BDSM activities are (at least SUPPOSED to be!) negotiated out by all parties involved as to what is and is not acceptable, which limits can be pushed and which ones cannot, when an activity is okay and when it's not, and also how MUCH of an activity is acceptable... or not.  BDSM lifestyles of varying sorts are (usually - I'm painting with a broad brush here) lifestyles where the expectations of the relationships are made more explicit than in vanilla ones, and a mutually gratifying "contract" - written or unwritten - is agreed upon by the people in that relationship... usually in ADVANCE.

Domestic Violence (be it physical, verbal, emotional, etc.) is about control.  The abuser is controlling the victim.  The method they use to control is relatively unimportant for the purposes of this discussion.  It's about "I told you not to do that!" and "Where were you and who were you with? What were you doing?

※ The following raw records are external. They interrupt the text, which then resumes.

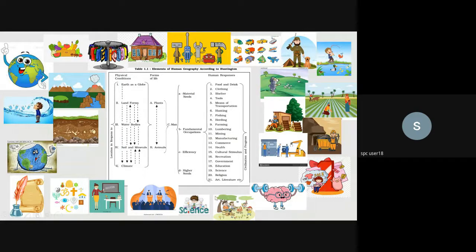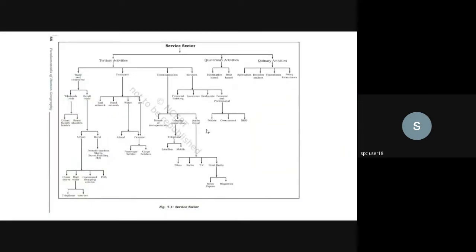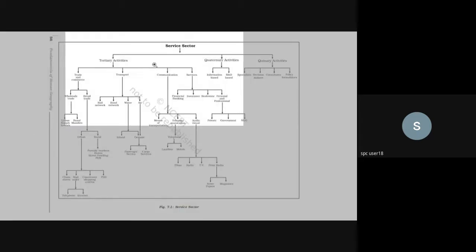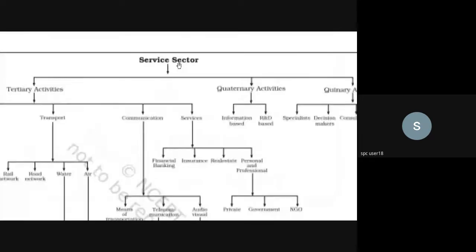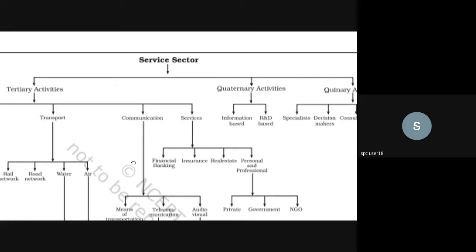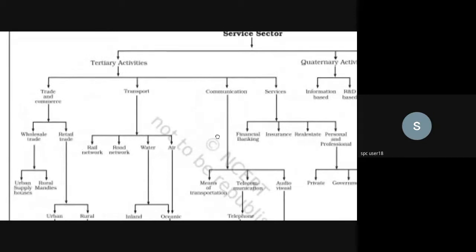We have been speaking about primary and secondary activities. We were left with the service sector, which tends to be divided into tertiary, quaternary, and quinary activities. This is from LCRT's textbook — I've posted the reference in our Google Drive and shared the links in our group, so there should be no issue with understanding or referencing this.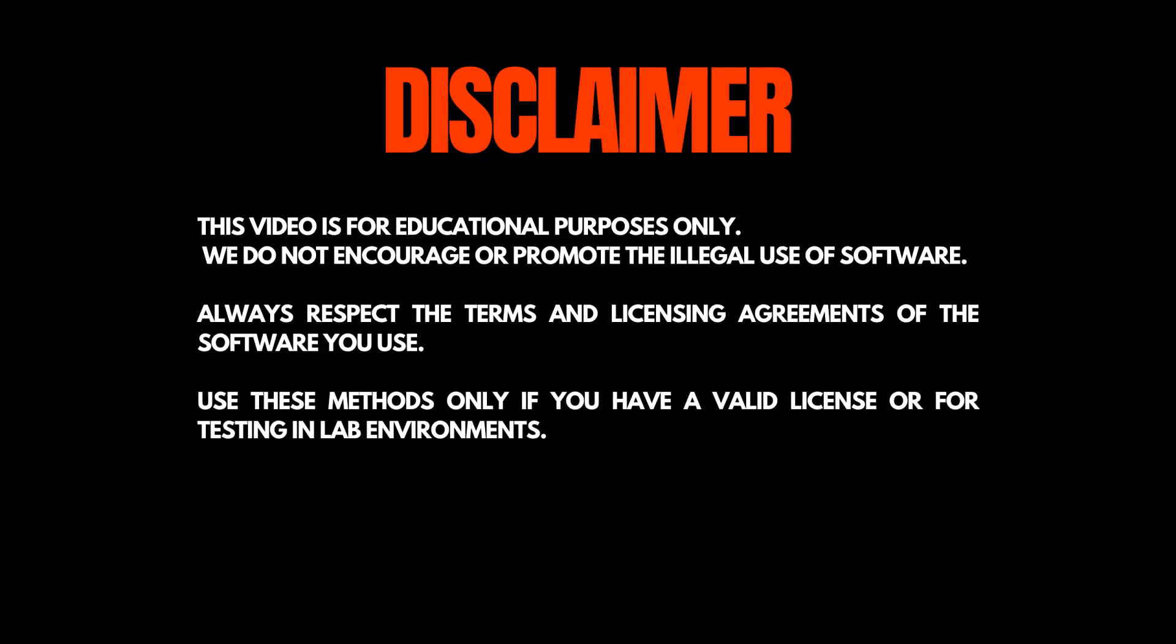This video is for educational purposes only. We do not encourage or promote the illegal use of software. Always respect the terms and licensing agreements of the software you use. Use these methods only if you have a valid license or for testing in lab environments.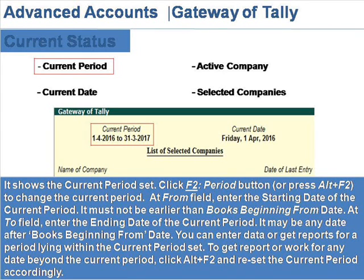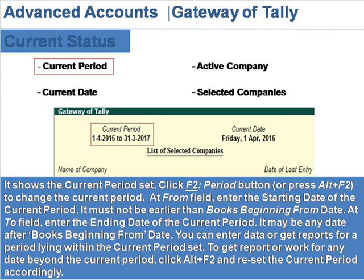Click the F2 Period button or press Alt plus F2 to change the current period. At the From field, enter the starting date of the current period — it must not be earlier than the books beginning from date. At the To field, enter the ending date of the current period.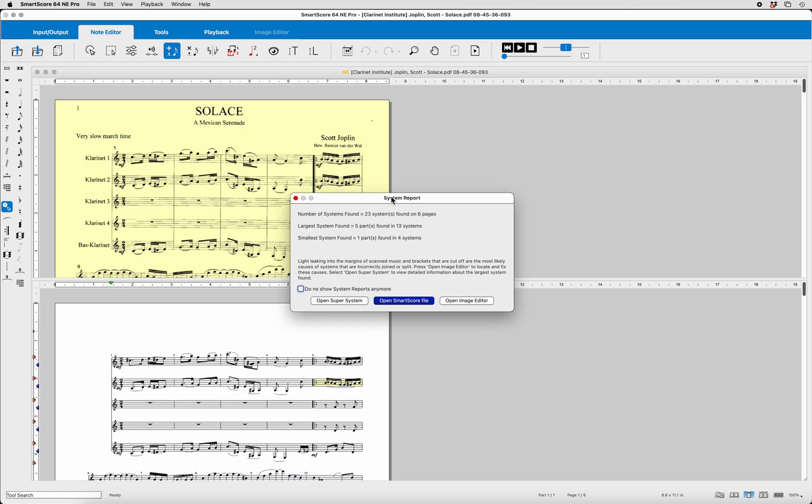This is the point I want to make. You get a system report, a system being a set of, in this case, all the instruments contained within a group with respect to the score. So you'll see there's five parts found in 13 systems, but one part found in four systems.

Why are you 15 minutes late, it doesn't take that long to go shopping!" and "You'll never be ANYTHING without me", etc., ad nauseum.  Often the abuser is "only trying to take care of" the victim, or "looking out for" their best interests... again, etc., ad nauseum.  The abusers often state they were acting out of love and concern for their victim.

The victims often - I won't go so far as to say most of the time; I don't have the studies available to me anymore - have low self-esteem and feel that they "deserve" or "need" to be treated in these manners, or that these expressions of "jealousy" are "proof that [the abuser] loves me".  The victims are often women, the abusers are often men... but I feel that male victims of abuse (especially emotional abuse) are vastly under-reported for varying reasons.

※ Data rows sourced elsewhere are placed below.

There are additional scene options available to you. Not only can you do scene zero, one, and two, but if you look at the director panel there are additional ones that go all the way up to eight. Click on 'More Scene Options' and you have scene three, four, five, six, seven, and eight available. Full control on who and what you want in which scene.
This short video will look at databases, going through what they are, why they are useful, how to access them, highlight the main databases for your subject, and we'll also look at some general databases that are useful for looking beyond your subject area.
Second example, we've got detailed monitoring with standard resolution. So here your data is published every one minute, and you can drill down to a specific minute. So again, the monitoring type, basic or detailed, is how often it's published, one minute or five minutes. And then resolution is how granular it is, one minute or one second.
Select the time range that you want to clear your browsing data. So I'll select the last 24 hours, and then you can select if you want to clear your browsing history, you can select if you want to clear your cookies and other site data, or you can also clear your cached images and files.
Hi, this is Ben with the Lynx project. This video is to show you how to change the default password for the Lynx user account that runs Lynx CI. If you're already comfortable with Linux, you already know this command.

I was a victim - and I choose to never again be a victim - and I've done a lot of extensive research into what "abuse" entails, since my abuser chose verbal and emotional abuse as his method of control rather than physical, which (for me) made it MUCH more difficult to see, and then to admit, that his behavior was really abuse.  I've known a number of other victimes of several methods of abuse.  We consented implicitly by tolerating the behavior - by staying in our relationships, by not saying "No, this is not acceptable, I will not accept being treated in this manner", by not saying "fuck you, asshole - I'm leaving", and especially by saying things like "I'm sorry" and "You were right" when we knew we were not sorry, and that they were NOT right.

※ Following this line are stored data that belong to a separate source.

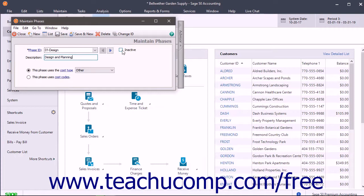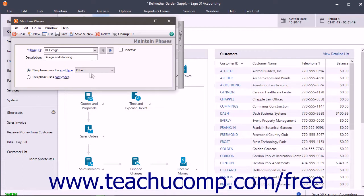Note that you can check the Inactive checkbox later to inactivate phases you created but no longer use if needed. Next, select the type of cost associated with the phase. If you have more than one type of cost associated with the phase, consider either using cost codes to further refine costs or creating separate phases for each cost type. To select a cost type, choose the 'This Phase Uses the Cost Type' drop-down to select the cost type for the phase.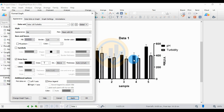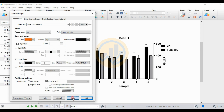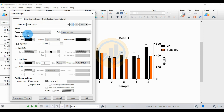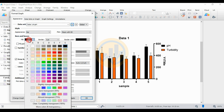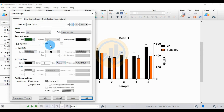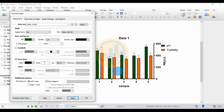Now change the bar color. Change the dataset for the pH data. Click the bar options in the box, click Fill Color, and change the bar color. Set the bar and bar border color — bar color is watercolor black. Then click the Apply button. The bar color is changed for both turbidity and pH values.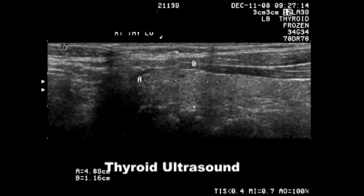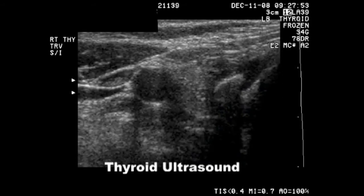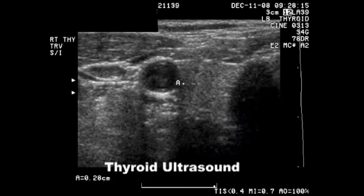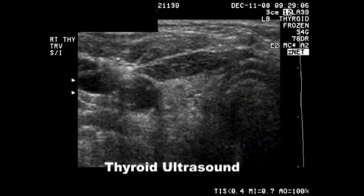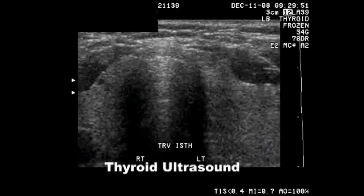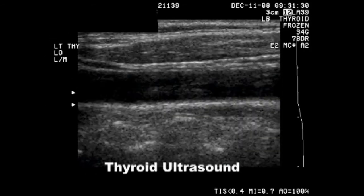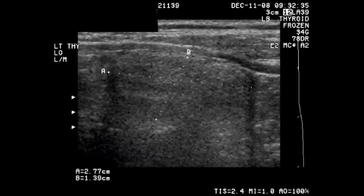This is a thyroid ultrasound. The first 20 seconds consists of a movie made of multiple images linked together. As it progresses, we'll point out some of the various pathology which is seen.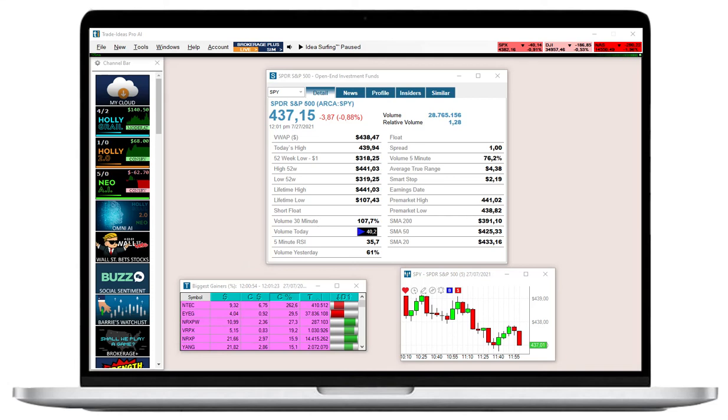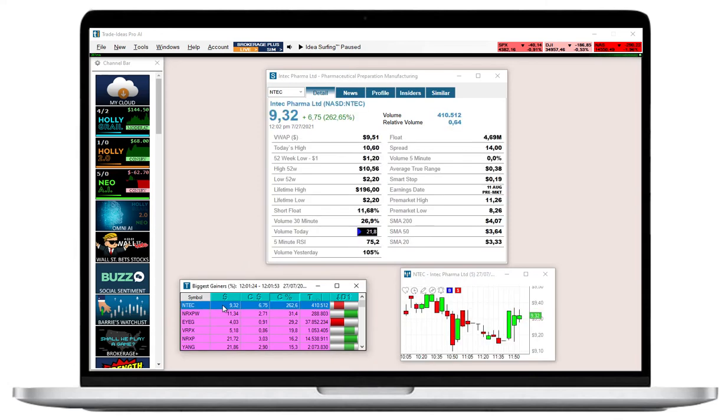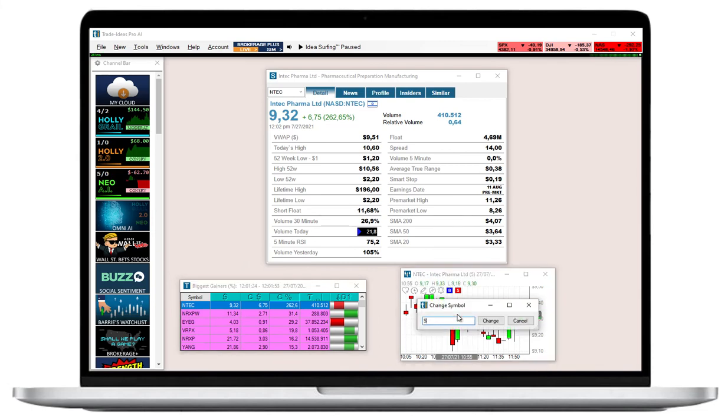By default, Symbol Linking is enabled for single stock windows. Symbol Linking means that your single stock window always displays the data of the stock that you click on in a scan or view in a chart.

Now, about the subject of Doms being "less likely to be abusers" - bullshit.  Absolute bullshit.  The first reason it's bullshit is that any asshole can self-identify as a Dom; there is no test or certification to "qualify" to be a Dom.  Being a Dom means NOTHING outside of the very personal context of how s/he interacts with his/her partners.  Therefore - I call bullshit.  A Dom is, I would guess, about as likely to be an abuser as any other human being.  No more, no less.  Hell, for that matter, the same holds true for subs. As a corrollary example, I will merely point out that on the FBI's profiling statistics, one of the common things to look for when investigating a possible child molester is "Baptist minister" - for the simple reason that child molesters seek out positions where they are trusted with children, and NOT because Baptists are more likely to be child molesters.  An abuser who's looking for victims may very well seek out to be a "Dom" because he (or she) is looking at a... target rich environment. 

In closing - BDSM is (supposed to be) like any other type of relationship in that it nurtures, supports, cherishes, and enhances the lives of those involved.  Abuse destroys.  The explicit behaviors are NOT a good standard by which to determine whether something is abusive or not.

For further reading, I would suggest www.bullyoffline.org (a nonprofit site).  There's a great deal of very interesting reading there.

Hope that provides food for thought.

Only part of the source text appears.